» Source material:
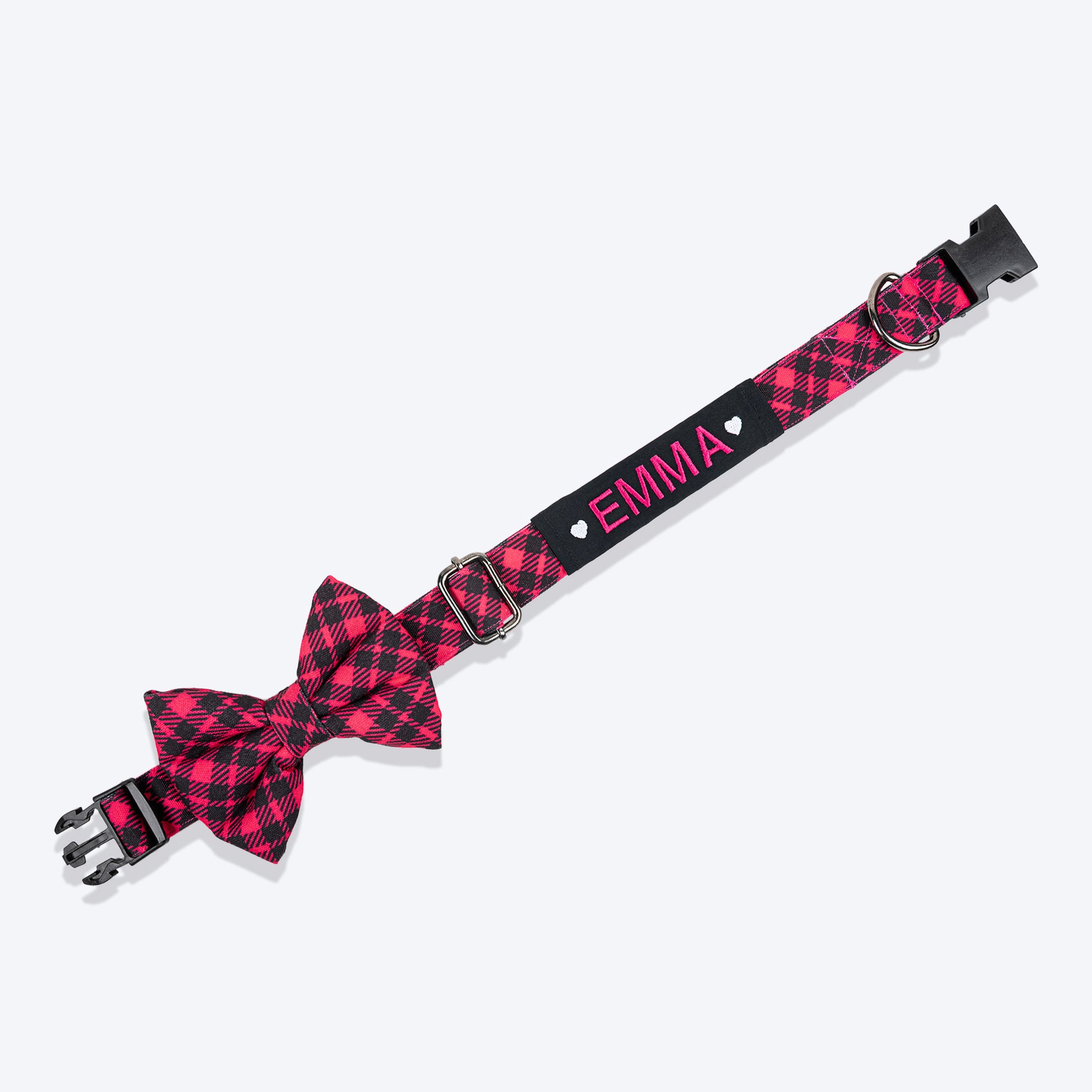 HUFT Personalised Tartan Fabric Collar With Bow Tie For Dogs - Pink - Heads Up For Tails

* * *

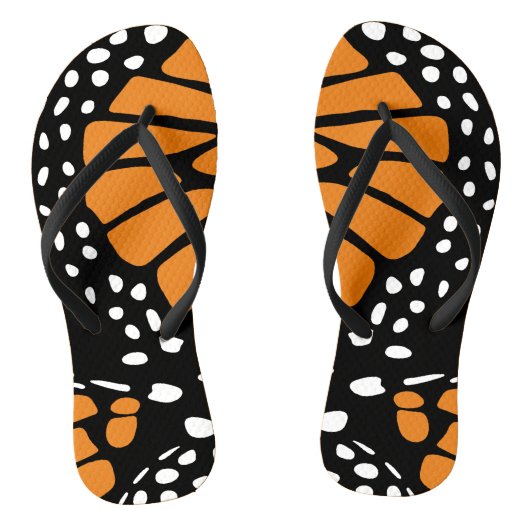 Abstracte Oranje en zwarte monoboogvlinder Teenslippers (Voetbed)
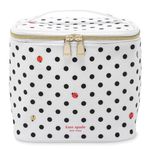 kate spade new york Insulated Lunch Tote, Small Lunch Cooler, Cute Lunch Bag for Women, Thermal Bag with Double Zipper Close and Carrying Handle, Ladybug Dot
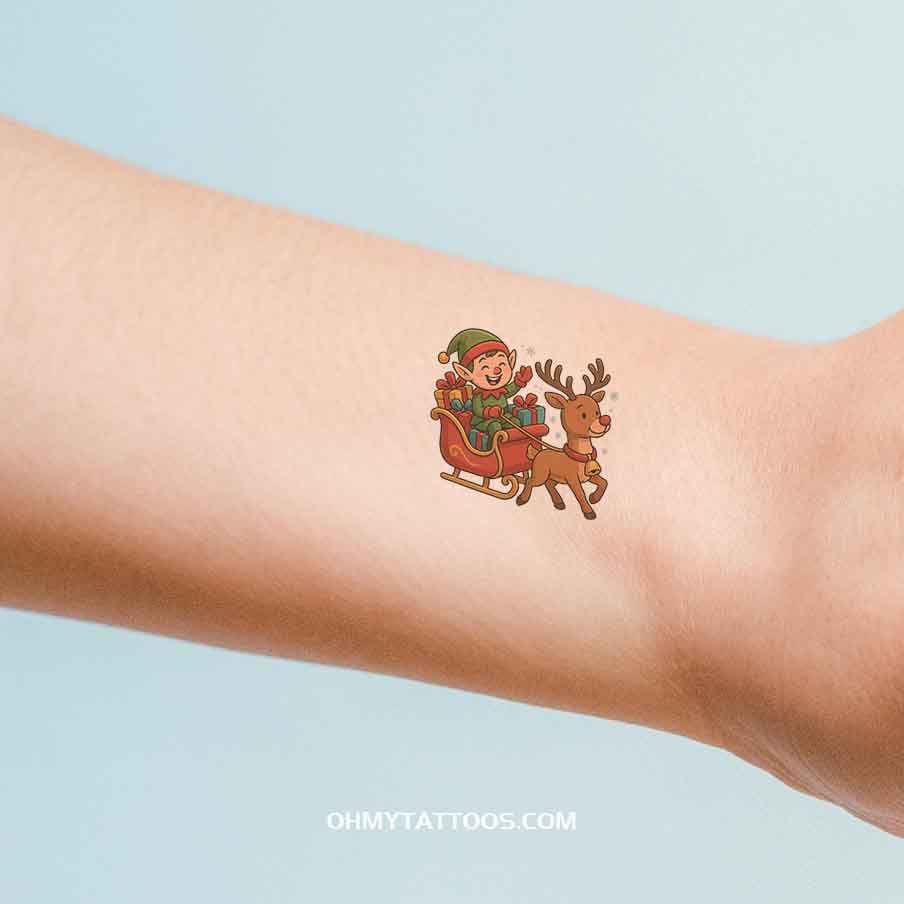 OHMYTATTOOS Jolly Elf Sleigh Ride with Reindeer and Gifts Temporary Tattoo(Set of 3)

---

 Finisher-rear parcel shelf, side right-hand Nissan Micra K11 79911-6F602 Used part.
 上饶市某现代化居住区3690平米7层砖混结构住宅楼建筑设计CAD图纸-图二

» Task brief: Copy the lines of the data above exactly as written, beginning with the line containing "Finisher-rear parcel shelf, side" and ending with the line containing "上饶市某现代化居住区3690平米7层砖混结构住宅楼建筑设计CAD图纸-图二", and leave out all other lines.

» Response:
 Finisher-rear parcel shelf, side right-hand Nissan Micra K11 79911-6F602 Used part.
 上饶市某现代化居住区3690平米7层砖混结构住宅楼建筑设计CAD图纸-图二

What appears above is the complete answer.